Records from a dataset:

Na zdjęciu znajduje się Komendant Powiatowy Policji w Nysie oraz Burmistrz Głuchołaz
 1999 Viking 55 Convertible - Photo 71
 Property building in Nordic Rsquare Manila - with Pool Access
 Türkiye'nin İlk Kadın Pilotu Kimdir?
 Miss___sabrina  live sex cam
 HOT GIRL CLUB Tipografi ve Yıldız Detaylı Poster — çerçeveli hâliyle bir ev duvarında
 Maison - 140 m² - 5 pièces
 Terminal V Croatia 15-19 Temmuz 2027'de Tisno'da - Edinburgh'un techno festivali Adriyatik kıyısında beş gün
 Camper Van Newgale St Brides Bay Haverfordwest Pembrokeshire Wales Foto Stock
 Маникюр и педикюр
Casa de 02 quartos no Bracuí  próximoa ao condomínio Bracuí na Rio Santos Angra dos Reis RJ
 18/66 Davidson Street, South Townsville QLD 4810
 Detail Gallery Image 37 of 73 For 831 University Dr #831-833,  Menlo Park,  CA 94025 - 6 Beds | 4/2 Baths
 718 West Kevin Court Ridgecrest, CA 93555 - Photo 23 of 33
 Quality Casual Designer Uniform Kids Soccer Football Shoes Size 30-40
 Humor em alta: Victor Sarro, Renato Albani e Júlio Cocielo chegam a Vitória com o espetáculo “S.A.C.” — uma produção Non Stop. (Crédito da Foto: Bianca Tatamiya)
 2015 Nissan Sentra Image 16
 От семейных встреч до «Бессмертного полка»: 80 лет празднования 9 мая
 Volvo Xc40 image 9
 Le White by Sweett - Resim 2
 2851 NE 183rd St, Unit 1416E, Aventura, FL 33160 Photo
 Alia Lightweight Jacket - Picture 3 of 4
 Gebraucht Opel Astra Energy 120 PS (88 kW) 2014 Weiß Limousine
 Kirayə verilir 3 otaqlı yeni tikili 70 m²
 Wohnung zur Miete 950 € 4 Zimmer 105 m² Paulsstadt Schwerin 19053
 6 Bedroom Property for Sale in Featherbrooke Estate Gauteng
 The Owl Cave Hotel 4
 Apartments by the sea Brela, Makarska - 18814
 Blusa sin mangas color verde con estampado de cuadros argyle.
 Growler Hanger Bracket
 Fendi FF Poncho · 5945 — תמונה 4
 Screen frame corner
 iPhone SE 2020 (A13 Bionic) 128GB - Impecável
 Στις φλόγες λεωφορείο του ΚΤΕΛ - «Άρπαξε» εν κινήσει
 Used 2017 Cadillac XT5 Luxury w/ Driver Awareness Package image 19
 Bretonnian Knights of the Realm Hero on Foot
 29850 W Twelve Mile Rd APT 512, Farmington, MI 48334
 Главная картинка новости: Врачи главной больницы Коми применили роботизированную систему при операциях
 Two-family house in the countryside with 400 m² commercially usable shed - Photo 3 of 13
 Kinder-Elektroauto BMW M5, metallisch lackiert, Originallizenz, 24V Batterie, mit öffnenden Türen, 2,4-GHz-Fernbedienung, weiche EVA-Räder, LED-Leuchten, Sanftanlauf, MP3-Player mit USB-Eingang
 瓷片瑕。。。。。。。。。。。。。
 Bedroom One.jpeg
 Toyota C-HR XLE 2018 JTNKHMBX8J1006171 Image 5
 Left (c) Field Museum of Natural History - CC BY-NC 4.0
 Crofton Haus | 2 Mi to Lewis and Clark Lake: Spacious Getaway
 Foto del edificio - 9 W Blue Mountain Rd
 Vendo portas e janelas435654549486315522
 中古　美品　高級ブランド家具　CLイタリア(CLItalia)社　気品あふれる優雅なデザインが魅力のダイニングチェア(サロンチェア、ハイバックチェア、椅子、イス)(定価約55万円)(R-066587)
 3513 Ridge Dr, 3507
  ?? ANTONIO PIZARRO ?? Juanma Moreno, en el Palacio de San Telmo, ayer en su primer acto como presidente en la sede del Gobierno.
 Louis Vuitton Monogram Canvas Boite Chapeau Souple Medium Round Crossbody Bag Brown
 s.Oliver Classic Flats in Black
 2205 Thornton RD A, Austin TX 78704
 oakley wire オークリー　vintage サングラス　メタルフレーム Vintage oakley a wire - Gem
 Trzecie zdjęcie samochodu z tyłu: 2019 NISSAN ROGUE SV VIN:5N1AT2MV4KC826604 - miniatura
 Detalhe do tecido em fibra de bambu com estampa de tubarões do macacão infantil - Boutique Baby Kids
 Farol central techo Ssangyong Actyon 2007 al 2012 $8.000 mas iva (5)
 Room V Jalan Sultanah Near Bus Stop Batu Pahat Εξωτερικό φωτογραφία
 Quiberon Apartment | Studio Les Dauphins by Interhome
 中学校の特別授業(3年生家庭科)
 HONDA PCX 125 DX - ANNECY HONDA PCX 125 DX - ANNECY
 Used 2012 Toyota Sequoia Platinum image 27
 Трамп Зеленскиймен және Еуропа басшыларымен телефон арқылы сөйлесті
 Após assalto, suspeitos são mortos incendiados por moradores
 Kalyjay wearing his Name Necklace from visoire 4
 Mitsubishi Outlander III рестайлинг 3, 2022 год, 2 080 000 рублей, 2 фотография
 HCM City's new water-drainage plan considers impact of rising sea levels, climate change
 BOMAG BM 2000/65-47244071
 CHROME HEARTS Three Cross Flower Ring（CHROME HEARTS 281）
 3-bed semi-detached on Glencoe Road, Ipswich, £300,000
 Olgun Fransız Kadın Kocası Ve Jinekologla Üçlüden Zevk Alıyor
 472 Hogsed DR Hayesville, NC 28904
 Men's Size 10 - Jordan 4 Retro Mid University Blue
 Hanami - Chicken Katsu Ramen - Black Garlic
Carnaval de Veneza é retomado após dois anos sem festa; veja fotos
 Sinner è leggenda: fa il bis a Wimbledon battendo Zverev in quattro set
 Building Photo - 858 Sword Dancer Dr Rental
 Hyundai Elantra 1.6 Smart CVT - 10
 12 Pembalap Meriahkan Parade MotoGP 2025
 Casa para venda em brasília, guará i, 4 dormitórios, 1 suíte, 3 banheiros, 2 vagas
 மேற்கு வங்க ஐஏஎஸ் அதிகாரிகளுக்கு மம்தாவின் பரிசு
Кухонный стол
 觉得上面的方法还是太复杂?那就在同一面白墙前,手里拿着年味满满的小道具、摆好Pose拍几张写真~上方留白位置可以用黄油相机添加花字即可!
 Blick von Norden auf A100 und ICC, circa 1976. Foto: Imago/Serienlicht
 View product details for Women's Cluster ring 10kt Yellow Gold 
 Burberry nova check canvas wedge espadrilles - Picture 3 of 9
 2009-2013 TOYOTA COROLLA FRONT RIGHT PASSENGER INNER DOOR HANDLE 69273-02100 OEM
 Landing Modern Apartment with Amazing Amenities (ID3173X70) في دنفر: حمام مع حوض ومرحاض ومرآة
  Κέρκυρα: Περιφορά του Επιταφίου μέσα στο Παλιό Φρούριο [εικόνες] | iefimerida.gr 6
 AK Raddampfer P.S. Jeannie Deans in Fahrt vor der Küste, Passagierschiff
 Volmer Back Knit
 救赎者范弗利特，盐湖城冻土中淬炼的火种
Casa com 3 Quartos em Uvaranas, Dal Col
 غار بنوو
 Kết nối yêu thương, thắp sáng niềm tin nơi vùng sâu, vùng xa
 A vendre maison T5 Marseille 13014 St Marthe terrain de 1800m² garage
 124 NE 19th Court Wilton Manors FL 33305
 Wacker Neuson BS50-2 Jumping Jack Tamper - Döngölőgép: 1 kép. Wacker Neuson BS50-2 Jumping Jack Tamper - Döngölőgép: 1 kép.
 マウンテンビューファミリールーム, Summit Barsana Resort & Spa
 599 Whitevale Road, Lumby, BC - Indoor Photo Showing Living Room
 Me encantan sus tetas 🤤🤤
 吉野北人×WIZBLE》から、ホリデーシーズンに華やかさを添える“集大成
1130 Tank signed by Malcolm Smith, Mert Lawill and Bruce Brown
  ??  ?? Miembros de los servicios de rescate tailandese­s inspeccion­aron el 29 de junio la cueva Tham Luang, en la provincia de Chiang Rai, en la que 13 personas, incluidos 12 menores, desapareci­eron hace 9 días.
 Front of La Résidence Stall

Work request: If a line of the records includes the string "Kids", copy it out.

Output of the task:
 Quality Casual Designer Uniform Kids Soccer Football Shoes Size 30-40
 Detalhe do tecido em fibra de bambu com estampa de tubarões do macacão infantil - Boutique Baby Kids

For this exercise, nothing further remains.